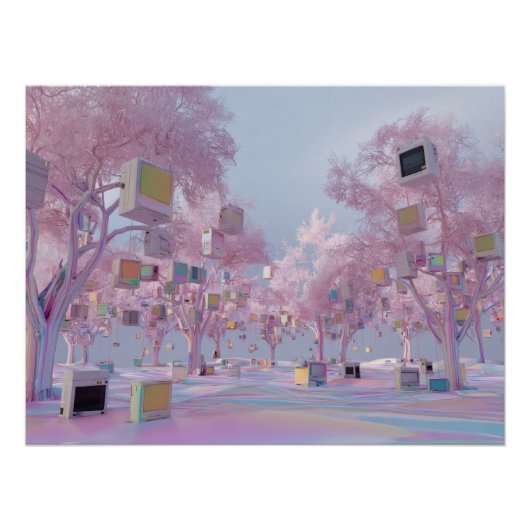 Glitchige Pinke Sakura-Park mit schwebenden Fenste Poster (Vorderseite)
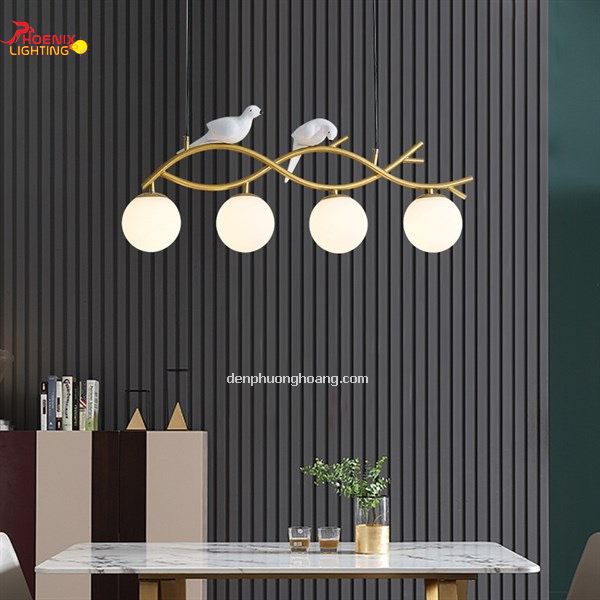 Đèn thả trang trí đôi chim tuyệt đẹp - Đèn thả bàn ăn trang trí (Tặng kèm bóng đèn)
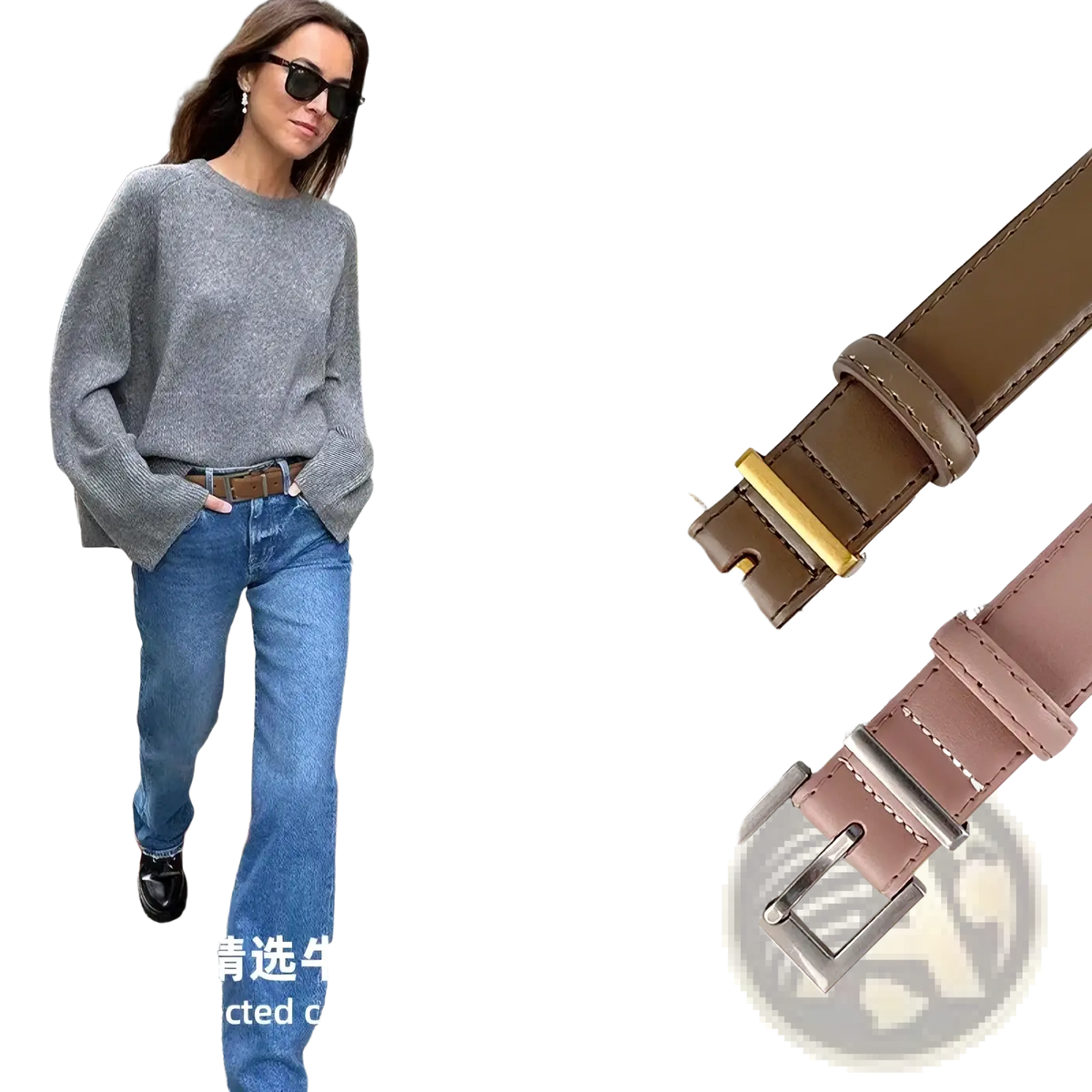 Brown leather women real leather belt with gold-tone buckle designed as a casual strap accessory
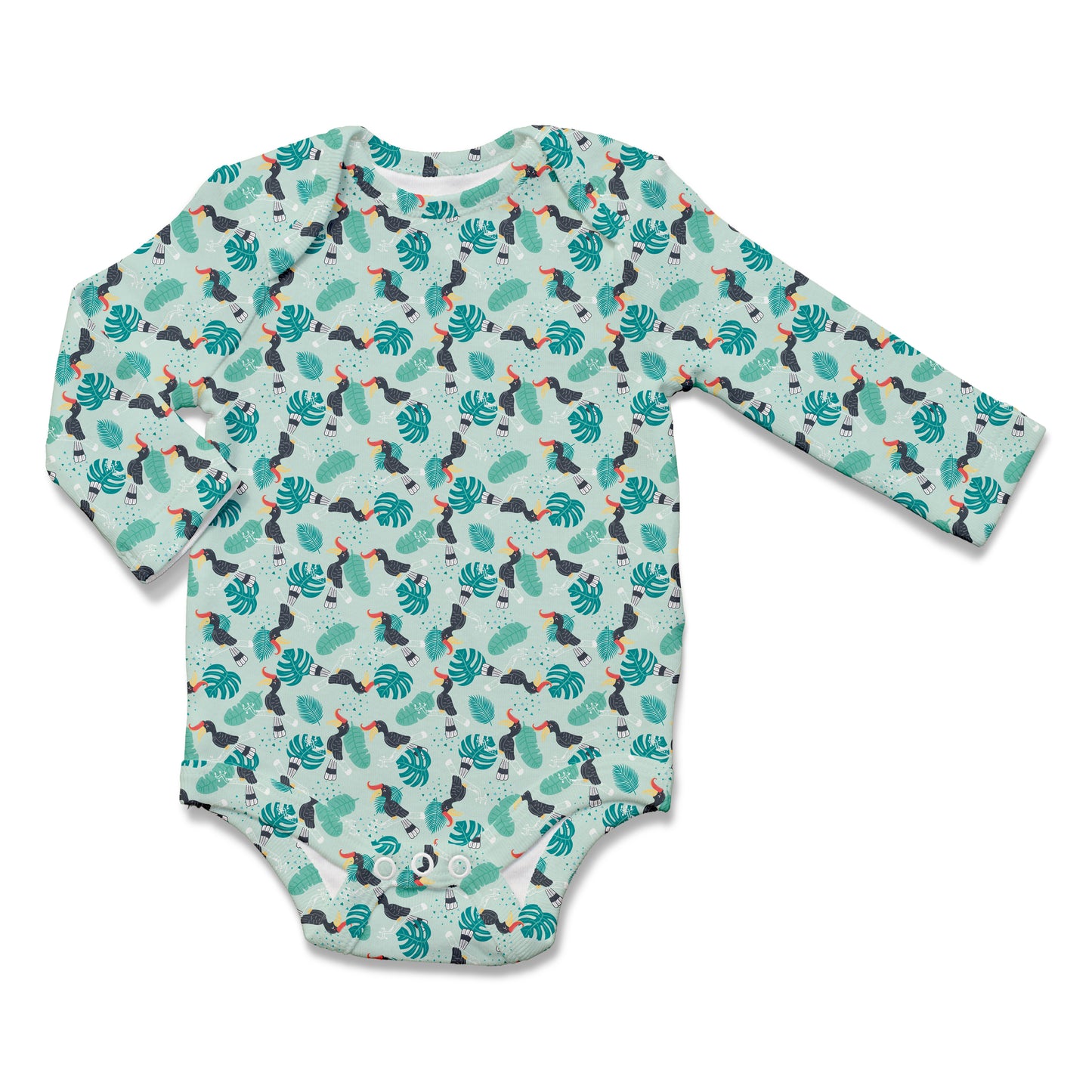LONG SLEEVE BODYSUIT Exotic Wildlife of Brunei Collection - Mint Rhinoceros Hornbill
#####
_Instructions for the task_: Output the full material exactly as given, without its pictures.

_Solved exercise_:
 Glitchige Pinke Sakura-Park mit schwebenden Fenste Poster (Vorderseite)
 Đèn thả trang trí đôi chim tuyệt đẹp - Đèn thả bàn ăn trang trí (Tặng kèm bóng đèn)
 Brown leather women real leather belt with gold-tone buckle designed as a casual strap accessory
LONG SLEEVE BODYSUIT Exotic Wildlife of Brunei Collection - Mint Rhinoceros Hornbill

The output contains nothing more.